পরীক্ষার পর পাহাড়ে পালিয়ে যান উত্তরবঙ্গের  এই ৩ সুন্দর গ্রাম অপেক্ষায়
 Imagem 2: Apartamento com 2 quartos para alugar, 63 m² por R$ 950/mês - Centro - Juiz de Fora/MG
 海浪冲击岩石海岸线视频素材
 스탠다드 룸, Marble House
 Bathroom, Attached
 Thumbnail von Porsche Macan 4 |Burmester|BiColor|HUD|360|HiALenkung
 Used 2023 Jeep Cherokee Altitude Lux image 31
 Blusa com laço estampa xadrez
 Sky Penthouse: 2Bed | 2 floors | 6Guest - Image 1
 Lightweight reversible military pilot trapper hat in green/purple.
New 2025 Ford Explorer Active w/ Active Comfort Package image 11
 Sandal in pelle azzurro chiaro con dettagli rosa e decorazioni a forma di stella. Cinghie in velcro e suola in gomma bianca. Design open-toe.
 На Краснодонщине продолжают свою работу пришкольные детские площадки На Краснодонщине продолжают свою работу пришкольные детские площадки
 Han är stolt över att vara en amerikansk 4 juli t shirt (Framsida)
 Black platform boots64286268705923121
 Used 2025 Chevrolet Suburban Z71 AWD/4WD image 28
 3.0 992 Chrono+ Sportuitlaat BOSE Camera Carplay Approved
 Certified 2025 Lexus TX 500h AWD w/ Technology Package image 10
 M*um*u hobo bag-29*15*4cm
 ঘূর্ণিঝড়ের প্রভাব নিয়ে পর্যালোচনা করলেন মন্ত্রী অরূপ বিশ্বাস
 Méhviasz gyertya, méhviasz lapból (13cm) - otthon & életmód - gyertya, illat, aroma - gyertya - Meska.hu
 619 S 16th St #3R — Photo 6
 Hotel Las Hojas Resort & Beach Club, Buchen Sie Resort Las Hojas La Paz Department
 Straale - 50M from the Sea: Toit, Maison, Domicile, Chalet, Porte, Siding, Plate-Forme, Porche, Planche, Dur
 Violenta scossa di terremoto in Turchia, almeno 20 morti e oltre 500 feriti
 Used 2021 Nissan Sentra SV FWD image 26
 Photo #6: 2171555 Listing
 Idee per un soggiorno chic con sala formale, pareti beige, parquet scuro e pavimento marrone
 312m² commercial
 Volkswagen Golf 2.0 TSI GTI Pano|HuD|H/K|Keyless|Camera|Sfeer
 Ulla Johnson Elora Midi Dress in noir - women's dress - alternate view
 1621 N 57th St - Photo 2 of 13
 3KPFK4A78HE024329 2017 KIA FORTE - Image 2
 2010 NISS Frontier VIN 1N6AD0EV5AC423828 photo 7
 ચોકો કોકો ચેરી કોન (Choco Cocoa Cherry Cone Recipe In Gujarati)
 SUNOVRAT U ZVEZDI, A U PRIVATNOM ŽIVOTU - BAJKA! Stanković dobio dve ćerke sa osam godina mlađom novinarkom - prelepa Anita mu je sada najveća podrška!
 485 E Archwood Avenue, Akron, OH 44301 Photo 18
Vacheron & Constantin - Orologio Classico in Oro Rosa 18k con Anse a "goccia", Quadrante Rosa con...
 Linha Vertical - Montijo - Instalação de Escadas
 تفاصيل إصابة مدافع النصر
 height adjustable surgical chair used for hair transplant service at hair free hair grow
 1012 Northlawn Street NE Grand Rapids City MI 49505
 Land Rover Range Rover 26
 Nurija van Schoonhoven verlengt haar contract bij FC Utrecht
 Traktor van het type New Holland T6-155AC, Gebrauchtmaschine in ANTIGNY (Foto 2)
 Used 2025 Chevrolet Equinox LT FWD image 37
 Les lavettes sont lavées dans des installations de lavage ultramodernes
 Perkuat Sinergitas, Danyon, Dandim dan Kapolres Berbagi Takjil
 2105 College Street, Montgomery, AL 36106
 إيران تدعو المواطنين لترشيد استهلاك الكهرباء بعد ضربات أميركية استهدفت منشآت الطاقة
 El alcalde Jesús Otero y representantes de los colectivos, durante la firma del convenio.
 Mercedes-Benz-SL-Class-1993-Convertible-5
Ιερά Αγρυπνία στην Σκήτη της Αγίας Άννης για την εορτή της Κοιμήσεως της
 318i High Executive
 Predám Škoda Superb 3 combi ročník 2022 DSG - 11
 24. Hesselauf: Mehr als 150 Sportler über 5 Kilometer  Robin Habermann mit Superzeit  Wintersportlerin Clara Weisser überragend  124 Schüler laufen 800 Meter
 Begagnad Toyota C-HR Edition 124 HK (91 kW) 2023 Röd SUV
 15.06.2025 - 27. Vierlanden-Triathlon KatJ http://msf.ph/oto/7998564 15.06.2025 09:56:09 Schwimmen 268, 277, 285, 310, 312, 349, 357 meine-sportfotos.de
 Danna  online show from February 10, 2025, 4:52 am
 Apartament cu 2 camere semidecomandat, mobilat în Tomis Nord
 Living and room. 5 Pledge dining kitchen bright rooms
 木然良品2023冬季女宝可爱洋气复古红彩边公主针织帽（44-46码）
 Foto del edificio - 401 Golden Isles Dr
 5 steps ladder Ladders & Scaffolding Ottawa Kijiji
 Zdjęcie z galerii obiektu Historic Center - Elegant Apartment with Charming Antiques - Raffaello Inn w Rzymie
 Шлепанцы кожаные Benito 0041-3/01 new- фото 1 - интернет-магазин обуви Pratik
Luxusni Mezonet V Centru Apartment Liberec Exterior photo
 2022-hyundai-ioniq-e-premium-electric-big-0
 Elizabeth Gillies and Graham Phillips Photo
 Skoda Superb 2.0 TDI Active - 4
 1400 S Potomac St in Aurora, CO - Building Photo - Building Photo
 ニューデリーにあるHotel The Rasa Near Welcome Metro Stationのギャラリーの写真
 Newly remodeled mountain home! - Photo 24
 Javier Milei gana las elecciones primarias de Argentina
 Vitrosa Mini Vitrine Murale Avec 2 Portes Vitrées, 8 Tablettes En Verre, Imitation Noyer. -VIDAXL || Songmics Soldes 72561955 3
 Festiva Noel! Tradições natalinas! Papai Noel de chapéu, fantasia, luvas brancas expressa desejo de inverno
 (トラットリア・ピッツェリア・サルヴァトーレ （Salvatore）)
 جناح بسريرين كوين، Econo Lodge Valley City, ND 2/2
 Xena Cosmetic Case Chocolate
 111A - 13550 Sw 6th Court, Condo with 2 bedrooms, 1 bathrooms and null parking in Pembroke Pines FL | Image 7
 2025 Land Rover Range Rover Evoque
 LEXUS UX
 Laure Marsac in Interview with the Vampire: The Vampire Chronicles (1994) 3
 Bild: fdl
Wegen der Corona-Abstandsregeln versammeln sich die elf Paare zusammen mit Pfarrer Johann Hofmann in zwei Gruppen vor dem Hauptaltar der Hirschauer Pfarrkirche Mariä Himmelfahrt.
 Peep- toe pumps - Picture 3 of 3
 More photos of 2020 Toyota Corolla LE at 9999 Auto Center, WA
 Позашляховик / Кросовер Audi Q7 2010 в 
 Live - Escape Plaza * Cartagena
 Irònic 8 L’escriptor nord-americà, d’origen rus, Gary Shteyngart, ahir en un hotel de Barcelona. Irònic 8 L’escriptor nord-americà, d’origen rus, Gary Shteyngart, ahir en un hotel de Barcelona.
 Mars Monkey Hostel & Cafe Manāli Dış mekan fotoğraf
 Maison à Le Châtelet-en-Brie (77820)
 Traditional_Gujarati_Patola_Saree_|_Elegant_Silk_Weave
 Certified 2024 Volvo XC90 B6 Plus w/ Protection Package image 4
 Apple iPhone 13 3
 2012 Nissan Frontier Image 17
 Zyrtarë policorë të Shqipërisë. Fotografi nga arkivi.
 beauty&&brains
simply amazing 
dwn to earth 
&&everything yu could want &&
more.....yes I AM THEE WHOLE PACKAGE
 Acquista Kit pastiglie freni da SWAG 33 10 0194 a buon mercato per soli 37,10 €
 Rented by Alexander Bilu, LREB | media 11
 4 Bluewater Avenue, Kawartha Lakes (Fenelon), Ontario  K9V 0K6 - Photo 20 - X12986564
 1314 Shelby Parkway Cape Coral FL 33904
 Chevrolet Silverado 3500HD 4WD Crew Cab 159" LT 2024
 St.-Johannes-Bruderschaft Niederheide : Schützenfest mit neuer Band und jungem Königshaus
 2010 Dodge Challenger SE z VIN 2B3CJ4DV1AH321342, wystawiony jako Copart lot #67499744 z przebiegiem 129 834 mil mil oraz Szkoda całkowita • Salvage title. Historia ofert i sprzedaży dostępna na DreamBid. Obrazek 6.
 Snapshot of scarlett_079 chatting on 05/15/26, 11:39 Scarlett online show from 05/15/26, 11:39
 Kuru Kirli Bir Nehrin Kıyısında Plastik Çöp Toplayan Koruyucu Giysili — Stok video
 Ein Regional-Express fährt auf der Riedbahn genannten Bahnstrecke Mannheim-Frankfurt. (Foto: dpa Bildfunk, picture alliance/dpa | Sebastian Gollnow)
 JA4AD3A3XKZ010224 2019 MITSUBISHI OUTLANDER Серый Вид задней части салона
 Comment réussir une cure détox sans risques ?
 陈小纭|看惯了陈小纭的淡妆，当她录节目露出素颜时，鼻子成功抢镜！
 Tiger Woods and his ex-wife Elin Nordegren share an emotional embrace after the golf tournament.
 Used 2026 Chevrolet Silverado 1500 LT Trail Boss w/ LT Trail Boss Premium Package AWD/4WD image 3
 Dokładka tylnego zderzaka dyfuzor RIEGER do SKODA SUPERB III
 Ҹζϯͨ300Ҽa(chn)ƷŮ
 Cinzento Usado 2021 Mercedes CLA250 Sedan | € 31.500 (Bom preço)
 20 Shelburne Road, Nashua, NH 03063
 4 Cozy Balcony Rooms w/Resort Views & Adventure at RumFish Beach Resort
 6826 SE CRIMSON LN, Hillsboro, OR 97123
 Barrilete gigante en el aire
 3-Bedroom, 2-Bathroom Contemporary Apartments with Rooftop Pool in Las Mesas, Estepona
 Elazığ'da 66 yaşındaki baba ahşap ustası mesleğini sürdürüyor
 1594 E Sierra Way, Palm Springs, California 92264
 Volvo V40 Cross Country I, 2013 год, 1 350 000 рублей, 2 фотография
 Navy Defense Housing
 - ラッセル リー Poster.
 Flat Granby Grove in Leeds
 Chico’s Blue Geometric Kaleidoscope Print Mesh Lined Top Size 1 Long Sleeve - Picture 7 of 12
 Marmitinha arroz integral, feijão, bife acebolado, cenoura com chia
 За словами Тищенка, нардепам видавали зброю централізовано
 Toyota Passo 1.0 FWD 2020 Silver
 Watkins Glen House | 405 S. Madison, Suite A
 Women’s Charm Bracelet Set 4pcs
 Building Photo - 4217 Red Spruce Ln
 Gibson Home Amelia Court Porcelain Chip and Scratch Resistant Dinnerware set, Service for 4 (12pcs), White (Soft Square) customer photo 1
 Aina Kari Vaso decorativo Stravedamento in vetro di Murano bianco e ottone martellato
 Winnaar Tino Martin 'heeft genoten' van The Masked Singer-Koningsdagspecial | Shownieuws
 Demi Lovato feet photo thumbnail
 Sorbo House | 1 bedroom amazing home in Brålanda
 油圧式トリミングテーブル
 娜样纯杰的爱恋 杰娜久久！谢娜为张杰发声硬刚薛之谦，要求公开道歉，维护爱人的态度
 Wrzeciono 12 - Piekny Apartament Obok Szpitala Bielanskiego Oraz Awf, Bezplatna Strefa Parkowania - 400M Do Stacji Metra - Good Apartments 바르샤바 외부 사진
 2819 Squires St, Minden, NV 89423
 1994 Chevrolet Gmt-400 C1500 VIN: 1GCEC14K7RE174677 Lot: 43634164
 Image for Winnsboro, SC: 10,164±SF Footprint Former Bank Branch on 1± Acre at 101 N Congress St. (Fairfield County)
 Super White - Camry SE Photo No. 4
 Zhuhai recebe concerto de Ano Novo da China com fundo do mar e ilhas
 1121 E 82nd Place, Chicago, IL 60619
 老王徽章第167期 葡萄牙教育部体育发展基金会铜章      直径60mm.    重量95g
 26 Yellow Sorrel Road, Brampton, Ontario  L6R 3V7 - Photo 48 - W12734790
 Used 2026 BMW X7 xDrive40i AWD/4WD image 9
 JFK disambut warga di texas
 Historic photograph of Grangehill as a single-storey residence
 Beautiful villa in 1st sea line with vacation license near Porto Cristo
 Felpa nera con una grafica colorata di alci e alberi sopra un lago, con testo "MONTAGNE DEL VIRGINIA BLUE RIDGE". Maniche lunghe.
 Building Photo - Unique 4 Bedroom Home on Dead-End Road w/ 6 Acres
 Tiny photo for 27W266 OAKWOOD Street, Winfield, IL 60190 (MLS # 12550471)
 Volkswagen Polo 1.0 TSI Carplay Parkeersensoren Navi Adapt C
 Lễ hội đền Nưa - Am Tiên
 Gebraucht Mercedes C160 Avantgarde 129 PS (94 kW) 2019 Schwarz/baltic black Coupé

________

▶ [Exercise objective] In the entries above, find the line with "2105 College Street, Montgomery, AL 36106" and the line with "Begagnad Toyota C-HR", then set down exactly those two and every line between them, nothing else.

▶ [Answer to this problem]
 2105 College Street, Montgomery, AL 36106
 إيران تدعو المواطنين لترشيد استهلاك الكهرباء بعد ضربات أميركية استهدفت منشآت الطاقة
 El alcalde Jesús Otero y representantes de los colectivos, durante la firma del convenio.
 Mercedes-Benz-SL-Class-1993-Convertible-5
Ιερά Αγρυπνία στην Σκήτη της Αγίας Άννης για την εορτή της Κοιμήσεως της
 318i High Executive
 Predám Škoda Superb 3 combi ročník 2022 DSG - 11
 24. Hesselauf: Mehr als 150 Sportler über 5 Kilometer  Robin Habermann mit Superzeit  Wintersportlerin Clara Weisser überragend  124 Schüler laufen 800 Meter
 Begagnad Toyota C-HR Edition 124 HK (91 kW) 2023 Röd SUV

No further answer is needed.